Gilles Gomes de Araújo Ferreira

quarta-feira, 21 de novembro de 2007

Smith e a falência da democracia


Chegam da África do Sul as notícias do falecimento de Ian Douglas Smith, ex-Primeiro-Ministro da ex-Rodésia. Em 1965 o filho de imigrantes escoceses tornou-se o primeiro colono branco a se rebelar contra a Coroa britânica desde a Revolução Americana. Opondo-se à política adotada pelo Império Britânico de só conceder independência depois que o poder nas colônias africanas fosse entregue à maioria negra, a Declaração Unilateral de Independência (UDI) fez com que a minoria branca, cristã e civilizada não ficasse refém da maioria negra, tribal. Tal posição teve conseqüência óbvia: Mr Smith tornou-se um homem odiado e vilipendiado em todo o mundo.

No ano seguinte, as Nações Unidas impuseram sanções econômicas contra a Rodésia, e não havia país no mundo, nem mesmo a África do Sul do apartheid, que não denunciasse aquele país.

Ao contrário do que acontecia ao sul da fronteira, Ian Smith não era, ao contrário do que juram seus detratores, racista ou supremacista branco. Sua recusa em aceitar o poder da maioria negra estava baseada na percepção, politicamente incorreta mas acertada, de que os baixos índices educacionais e de desenvolvimento cultural dos nativos não permitia o sucesso de uma democracia. Não havia segregação e os negros tinham reservadas 16 das 66 cadeiras do Parlamento.

Para o queniano Mukui Waruiru, fundador do African Conservative Forum, Mr Smith foi o primeiro revolucionário liberal clássico de toda a África. "Há muito os liberais clássicos dizem que não se pode construir uma sociedade livre sem um sistema político que proteja os direitos de propriedade. O filósofo inglês setecentista John Locke, prescreveu que os pré-requisitos de uma sociedade livre são a proteção da vida, da liberdade e da propriedade. (...) Se mantivermos esse entendimento de liberalismo, Ian Douglas Smith, ex-Primeiro Ministro da Rodésia, pode ser considerado o primeiro revolucionário liberal clássico".

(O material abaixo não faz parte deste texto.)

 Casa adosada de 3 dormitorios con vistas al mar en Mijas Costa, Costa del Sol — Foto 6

Apesar da condenação de todo o mundo, e sofrendo pesadas sanções econômicas, em meados dos anos 1970, a Rodésia tinha, proporcionalmente, a maior classe média negra de toda a África. Ao final da década o poder foi entregue à maioria negra, liderada pelo militante marxista Robert Mugabe. E começou o declínio da ex-Rodésia, agora Zimbábue. Uma das economias mais fortes do continente tornou-se uma das mais frágeis, com desemprego de 80% e inflação anual de 15.000%.

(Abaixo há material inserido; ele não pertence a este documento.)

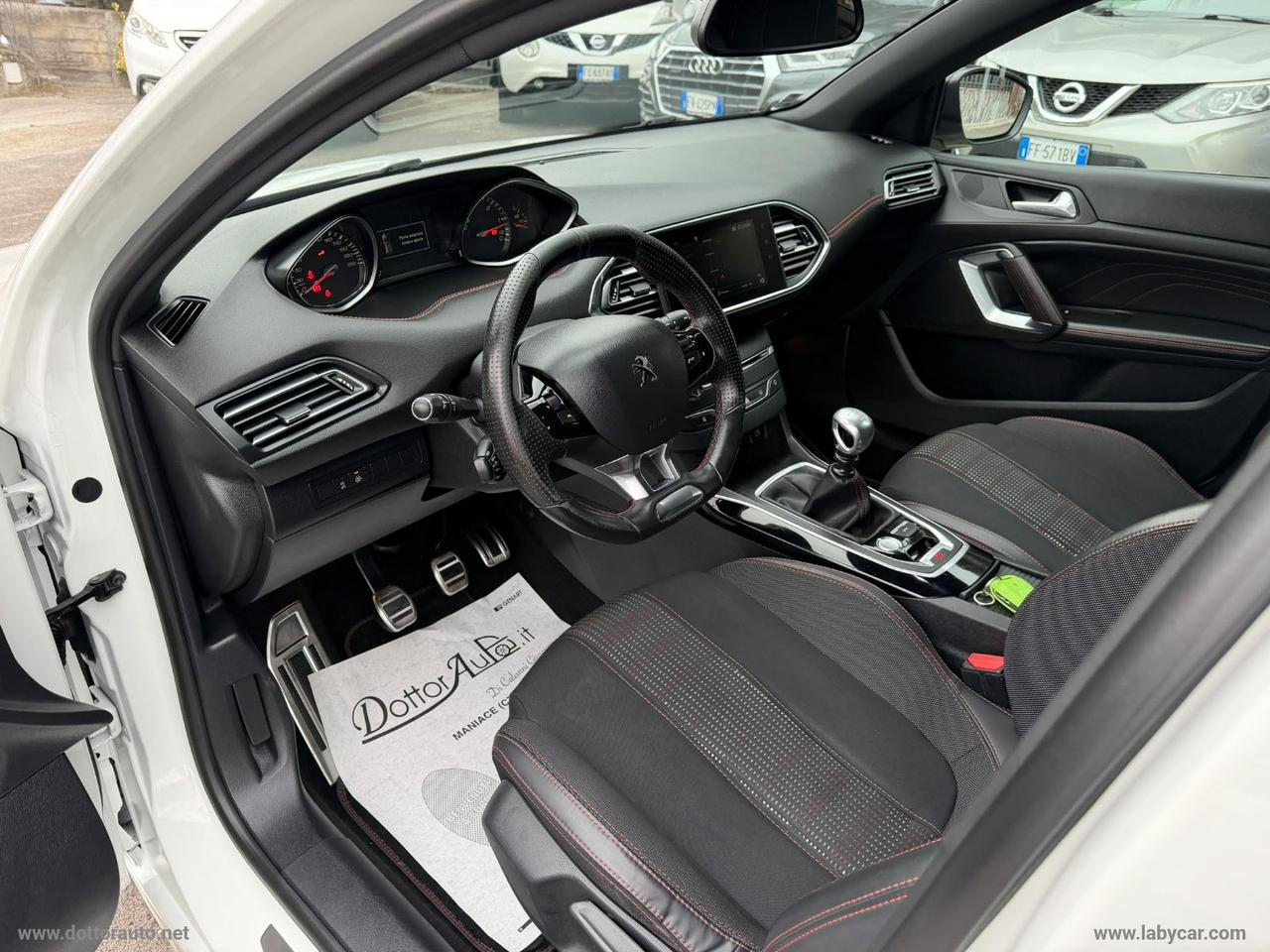 PEUGEOT 308 BlueHDi 120 S&S GT Line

A Rodésia da democracia limitada tinha tribunais independentes e um sistema político multipartidário. O líder da oposição era negro, e era livre a manifestação de pensamento. No Zimbabwe da democracia pura, a tirania legitimada por eleições fraudadas, confisco de terras, intimidação de opositores. Antes, o melhor sistema educacional da África. Agora, mais de um quarto dos professores já deixaram o país. Com Smith, uma renda per capita igual à da Malásia. Com Mugabe, uma renda per capita pior que o Haiti.

A situação do Zimbabwe é ilustrativa. A democracia não funciona pra todos, e a bem da verdade, talvez não funcione pra ningém. Gana, o primeiro país africano a se tornar independente, foi também o primeiro país africano a sofrer sob a ditadura de um partido único. A regra nas democracias ocidentais, "one member, one vote". A regra nas democracias africanas, "one member, one vote, one time". Quem quer que chegue ao poder, acabará por estabelecer uma ditadura legitimada por urnas. Houve mesmo decretos parlamentares extinguindo a oposição.

Quando Smith resisitiu à entrega do poder à maioria negra, os belgas já haviam fugido do Congo, e as fronteiras da Rodésia estavam entregues a Idi Amin Dada, Mobutu Sese Seko, Hastings Banda e Kenneth Kaunda. A pergunta que ele fazia é por que na Rodésia seria diferente. Não foi. Nem na Rodésia, nem no Iraque, ou no Irã, ou na África do Sul, ou na Venezuela.